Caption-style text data

• • • •

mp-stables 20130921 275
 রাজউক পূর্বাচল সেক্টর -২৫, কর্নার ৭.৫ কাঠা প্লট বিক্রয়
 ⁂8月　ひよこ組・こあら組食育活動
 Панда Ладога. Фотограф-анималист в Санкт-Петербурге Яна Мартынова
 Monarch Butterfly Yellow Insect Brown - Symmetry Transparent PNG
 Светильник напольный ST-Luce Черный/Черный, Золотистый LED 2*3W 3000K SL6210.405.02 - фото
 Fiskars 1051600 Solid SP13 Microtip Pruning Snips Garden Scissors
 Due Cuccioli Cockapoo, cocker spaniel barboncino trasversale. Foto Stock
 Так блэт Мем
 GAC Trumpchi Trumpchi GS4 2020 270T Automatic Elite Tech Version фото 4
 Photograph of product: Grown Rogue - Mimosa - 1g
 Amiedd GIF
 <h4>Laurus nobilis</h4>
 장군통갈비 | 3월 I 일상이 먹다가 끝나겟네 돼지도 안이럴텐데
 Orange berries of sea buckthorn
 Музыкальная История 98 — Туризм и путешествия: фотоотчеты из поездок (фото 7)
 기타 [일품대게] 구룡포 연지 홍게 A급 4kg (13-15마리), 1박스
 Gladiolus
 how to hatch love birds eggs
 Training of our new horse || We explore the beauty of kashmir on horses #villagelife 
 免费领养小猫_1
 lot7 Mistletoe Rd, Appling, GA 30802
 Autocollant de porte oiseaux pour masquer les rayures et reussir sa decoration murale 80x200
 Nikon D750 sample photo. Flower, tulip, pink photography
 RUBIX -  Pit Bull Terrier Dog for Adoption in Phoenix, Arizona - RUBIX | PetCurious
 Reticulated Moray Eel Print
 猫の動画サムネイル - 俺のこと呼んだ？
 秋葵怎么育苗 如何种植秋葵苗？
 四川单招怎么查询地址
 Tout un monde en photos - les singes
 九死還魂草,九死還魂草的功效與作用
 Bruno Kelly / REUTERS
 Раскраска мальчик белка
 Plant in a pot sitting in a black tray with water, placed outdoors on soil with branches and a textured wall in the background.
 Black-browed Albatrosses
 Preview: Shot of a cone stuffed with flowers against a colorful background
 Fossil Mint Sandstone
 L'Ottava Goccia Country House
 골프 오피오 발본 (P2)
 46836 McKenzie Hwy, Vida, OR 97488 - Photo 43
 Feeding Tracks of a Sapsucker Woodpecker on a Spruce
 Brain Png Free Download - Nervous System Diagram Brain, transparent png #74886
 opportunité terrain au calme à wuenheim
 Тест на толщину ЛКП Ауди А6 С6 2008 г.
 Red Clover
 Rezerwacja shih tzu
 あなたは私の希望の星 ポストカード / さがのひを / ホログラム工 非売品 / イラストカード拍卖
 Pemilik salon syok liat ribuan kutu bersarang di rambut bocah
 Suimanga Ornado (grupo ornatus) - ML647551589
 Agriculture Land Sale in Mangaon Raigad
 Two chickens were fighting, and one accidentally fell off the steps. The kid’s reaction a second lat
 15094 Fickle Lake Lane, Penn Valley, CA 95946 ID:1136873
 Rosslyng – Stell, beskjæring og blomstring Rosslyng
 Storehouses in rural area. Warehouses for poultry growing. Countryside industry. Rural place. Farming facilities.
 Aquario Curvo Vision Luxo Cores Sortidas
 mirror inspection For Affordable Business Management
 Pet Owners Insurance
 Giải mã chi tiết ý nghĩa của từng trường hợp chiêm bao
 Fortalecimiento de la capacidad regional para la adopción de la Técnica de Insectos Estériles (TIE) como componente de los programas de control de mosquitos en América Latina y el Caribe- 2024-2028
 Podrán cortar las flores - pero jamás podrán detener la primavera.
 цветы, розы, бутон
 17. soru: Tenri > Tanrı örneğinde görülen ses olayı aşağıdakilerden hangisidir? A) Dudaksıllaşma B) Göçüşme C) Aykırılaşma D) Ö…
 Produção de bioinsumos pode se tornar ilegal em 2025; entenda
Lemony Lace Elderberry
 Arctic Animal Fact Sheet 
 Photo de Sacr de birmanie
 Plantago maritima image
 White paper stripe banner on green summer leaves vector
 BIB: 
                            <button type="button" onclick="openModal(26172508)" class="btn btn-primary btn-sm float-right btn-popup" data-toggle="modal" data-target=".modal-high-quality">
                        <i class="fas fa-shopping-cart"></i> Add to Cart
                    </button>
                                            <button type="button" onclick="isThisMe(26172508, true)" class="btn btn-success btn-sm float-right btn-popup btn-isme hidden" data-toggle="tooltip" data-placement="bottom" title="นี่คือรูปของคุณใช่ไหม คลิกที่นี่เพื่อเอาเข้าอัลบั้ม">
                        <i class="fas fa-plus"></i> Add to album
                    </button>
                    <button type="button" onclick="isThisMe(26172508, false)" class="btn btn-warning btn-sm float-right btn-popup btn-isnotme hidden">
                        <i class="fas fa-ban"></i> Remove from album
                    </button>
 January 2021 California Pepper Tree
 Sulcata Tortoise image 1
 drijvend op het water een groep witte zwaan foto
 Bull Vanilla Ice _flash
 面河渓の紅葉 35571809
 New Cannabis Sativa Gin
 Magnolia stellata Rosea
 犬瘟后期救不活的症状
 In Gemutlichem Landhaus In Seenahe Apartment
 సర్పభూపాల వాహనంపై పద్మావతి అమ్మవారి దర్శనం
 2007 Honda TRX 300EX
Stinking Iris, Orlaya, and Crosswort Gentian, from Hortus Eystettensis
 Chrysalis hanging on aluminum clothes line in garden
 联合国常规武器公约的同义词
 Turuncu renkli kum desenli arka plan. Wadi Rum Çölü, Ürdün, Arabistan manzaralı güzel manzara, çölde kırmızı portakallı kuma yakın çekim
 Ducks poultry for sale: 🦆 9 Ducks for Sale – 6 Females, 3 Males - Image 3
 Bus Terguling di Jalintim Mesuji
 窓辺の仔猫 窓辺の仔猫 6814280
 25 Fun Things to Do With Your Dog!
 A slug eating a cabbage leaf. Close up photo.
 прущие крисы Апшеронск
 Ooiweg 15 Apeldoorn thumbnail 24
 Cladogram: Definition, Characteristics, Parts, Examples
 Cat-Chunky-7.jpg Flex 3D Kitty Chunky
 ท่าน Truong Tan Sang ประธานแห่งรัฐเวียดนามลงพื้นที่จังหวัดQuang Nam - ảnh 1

• • • •

Of the lines above, retype only those from the line containing "46836 McKenzie Hwy, Vida, OR" through the line containing "Agriculture Land Sale in Mangaon Raigad", including both, exactly.

 46836 McKenzie Hwy, Vida, OR 97488 - Photo 43
 Feeding Tracks of a Sapsucker Woodpecker on a Spruce
 Brain Png Free Download - Nervous System Diagram Brain, transparent png #74886
 opportunité terrain au calme à wuenheim
 Тест на толщину ЛКП Ауди А6 С6 2008 г.
 Red Clover
 Rezerwacja shih tzu
 あなたは私の希望の星 ポストカード / さがのひを / ホログラム工 非売品 / イラストカード拍卖
 Pemilik salon syok liat ribuan kutu bersarang di rambut bocah
 Suimanga Ornado (grupo ornatus) - ML647551589
 Agriculture Land Sale in Mangaon Raigad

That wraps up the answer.